WHAT TO PRODUCE → Filter these entries down to the lines that hold the word "Santa", and show each of them.

Stored dataset items
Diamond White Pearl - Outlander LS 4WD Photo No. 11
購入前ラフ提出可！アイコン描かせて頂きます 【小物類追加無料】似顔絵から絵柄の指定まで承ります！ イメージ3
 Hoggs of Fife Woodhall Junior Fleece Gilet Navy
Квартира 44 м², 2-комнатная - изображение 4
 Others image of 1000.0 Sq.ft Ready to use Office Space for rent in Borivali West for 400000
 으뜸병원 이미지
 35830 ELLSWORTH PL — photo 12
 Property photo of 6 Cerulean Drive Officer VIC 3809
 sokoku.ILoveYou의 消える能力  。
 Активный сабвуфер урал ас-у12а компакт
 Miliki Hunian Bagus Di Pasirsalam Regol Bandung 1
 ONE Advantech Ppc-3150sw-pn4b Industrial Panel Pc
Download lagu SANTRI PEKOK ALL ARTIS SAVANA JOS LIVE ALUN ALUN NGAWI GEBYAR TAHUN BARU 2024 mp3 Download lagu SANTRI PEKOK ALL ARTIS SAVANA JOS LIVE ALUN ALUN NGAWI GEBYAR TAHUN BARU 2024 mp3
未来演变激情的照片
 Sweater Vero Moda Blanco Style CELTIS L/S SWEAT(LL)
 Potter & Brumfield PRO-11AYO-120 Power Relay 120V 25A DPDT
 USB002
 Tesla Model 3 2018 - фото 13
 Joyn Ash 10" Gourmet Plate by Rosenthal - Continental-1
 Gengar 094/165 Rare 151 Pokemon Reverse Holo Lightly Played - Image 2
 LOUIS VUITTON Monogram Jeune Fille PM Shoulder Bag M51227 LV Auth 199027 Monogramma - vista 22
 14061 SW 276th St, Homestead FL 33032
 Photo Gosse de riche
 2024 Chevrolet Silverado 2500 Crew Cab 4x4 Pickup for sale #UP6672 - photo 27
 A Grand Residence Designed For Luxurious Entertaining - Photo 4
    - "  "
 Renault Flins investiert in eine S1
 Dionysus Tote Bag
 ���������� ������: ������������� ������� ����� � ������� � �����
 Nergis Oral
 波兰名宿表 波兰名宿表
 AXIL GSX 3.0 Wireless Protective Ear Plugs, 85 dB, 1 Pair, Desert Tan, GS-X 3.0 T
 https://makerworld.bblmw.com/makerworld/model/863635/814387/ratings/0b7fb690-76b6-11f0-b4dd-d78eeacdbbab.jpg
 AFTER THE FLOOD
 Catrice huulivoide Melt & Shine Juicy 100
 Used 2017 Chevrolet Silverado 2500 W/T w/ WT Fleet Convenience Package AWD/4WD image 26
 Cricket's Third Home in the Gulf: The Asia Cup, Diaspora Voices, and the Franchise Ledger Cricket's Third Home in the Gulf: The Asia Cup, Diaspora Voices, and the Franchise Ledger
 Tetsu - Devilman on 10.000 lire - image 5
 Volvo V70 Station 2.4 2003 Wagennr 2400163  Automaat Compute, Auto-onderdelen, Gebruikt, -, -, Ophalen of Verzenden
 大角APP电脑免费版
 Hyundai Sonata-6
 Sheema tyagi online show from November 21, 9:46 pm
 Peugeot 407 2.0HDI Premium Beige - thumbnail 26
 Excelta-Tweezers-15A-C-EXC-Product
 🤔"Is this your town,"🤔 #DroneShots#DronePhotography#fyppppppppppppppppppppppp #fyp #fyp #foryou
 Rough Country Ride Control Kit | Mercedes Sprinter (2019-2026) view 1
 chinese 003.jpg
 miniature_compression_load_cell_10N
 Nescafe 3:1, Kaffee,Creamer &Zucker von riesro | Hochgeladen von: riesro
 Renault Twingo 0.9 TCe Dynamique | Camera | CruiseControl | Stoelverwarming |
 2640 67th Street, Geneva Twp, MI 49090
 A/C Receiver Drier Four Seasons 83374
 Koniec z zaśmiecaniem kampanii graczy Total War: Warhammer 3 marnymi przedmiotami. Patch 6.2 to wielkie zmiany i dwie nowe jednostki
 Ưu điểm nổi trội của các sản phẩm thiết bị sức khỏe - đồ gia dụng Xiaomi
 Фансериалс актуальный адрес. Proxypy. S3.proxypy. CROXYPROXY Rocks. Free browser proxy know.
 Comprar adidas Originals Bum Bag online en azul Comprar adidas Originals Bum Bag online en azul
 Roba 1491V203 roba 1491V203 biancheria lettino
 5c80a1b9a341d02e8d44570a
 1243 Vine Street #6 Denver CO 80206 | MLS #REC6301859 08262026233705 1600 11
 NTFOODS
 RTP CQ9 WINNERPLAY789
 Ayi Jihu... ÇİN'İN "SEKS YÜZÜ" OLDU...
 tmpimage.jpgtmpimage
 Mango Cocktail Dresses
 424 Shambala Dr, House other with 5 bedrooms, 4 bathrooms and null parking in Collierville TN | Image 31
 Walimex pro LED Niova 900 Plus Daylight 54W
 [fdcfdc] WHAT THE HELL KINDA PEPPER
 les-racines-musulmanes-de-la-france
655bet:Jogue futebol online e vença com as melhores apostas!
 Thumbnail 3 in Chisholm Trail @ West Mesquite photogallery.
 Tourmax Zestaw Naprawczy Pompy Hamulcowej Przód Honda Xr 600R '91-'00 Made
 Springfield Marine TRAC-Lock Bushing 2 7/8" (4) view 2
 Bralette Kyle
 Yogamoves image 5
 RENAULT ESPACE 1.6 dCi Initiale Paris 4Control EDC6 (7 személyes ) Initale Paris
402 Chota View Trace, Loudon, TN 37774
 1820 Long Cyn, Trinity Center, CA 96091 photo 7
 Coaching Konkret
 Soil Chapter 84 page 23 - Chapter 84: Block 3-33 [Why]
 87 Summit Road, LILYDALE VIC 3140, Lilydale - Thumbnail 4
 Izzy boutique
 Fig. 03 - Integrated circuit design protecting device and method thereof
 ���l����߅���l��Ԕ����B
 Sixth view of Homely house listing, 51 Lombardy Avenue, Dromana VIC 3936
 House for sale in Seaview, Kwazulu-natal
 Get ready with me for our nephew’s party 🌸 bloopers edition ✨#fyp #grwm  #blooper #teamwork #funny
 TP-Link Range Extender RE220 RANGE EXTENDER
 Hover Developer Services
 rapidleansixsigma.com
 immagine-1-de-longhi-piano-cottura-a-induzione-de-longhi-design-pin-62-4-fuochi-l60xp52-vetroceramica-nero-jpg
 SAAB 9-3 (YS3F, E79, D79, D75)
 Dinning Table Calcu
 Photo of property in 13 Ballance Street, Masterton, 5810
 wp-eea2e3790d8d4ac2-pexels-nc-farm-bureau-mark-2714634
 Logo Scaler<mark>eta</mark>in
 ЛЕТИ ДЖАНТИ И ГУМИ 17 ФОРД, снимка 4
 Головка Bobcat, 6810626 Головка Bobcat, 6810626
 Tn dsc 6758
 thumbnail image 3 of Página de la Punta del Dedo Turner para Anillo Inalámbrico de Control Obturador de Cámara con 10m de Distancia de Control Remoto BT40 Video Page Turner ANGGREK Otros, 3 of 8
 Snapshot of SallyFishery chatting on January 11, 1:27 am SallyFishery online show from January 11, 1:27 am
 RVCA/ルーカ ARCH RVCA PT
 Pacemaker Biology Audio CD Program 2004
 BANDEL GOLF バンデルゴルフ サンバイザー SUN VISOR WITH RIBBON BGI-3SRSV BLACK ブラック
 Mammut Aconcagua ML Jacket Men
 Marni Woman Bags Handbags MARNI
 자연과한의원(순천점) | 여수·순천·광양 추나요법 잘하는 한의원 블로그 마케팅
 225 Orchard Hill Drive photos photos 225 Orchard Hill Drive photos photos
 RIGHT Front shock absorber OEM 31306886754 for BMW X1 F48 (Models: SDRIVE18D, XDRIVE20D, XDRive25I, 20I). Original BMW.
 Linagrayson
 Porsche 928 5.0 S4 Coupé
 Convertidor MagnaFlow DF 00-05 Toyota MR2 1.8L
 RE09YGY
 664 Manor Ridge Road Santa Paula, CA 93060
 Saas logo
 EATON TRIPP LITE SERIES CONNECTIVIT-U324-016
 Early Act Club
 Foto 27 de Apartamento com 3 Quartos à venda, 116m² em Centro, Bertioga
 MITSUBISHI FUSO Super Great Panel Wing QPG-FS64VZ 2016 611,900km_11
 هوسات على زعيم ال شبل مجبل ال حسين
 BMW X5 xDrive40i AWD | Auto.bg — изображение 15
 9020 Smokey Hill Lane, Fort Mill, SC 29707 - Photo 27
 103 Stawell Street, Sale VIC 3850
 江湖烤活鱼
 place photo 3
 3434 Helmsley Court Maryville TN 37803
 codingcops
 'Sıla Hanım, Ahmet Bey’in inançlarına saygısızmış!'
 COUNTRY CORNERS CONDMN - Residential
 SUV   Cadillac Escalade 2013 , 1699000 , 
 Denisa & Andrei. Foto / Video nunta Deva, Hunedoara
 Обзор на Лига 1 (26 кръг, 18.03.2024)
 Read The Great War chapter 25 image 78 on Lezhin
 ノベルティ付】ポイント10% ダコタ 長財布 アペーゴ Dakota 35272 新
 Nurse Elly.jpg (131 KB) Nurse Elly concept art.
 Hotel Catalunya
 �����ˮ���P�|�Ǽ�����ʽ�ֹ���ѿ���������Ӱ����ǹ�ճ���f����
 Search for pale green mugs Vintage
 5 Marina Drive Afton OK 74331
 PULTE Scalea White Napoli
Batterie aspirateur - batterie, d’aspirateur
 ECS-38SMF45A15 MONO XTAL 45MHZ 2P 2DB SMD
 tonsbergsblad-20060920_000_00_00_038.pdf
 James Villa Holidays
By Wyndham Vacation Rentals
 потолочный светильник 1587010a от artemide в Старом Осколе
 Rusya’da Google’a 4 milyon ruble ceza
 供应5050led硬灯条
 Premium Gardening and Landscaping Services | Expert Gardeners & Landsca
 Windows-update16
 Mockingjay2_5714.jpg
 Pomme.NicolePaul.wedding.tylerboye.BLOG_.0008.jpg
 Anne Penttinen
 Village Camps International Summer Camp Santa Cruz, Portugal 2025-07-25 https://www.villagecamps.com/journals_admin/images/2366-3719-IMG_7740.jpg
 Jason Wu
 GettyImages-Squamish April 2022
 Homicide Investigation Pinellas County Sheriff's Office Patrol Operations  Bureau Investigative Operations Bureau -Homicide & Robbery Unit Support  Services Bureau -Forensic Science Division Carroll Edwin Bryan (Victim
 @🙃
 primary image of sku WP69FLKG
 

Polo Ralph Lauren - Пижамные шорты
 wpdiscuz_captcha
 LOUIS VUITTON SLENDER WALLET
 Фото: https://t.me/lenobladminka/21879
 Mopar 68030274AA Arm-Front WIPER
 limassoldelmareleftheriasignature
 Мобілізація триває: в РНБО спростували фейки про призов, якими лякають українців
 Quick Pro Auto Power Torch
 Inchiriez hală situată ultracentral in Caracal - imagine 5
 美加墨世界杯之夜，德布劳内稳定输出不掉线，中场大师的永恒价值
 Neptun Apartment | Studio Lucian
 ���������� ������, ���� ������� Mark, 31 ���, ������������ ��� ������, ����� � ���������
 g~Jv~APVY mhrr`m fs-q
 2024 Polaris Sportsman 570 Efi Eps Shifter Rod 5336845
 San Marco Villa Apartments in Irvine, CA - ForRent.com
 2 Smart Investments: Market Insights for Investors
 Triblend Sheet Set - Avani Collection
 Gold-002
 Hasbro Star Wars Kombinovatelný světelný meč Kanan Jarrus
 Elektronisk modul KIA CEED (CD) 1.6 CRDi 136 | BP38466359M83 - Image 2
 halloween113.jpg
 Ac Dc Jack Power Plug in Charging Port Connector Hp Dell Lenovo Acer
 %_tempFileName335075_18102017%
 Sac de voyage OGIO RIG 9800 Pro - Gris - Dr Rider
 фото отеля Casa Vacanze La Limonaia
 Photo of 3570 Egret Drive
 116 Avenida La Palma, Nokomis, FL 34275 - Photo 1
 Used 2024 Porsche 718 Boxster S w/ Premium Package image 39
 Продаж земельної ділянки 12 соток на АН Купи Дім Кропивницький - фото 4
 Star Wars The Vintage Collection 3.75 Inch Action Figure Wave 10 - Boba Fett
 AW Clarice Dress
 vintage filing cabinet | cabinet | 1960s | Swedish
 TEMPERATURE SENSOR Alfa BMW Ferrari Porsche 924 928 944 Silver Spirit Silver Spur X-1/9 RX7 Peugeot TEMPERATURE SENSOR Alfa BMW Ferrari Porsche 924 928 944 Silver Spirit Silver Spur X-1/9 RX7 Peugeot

YOUR RESPONSE →
 664 Manor Ridge Road Santa Paula, CA 93060
 Village Camps International Summer Camp Santa Cruz, Portugal 2025-07-25 https://www.villagecamps.com/journals_admin/images/2366-3719-IMG_7740.jpg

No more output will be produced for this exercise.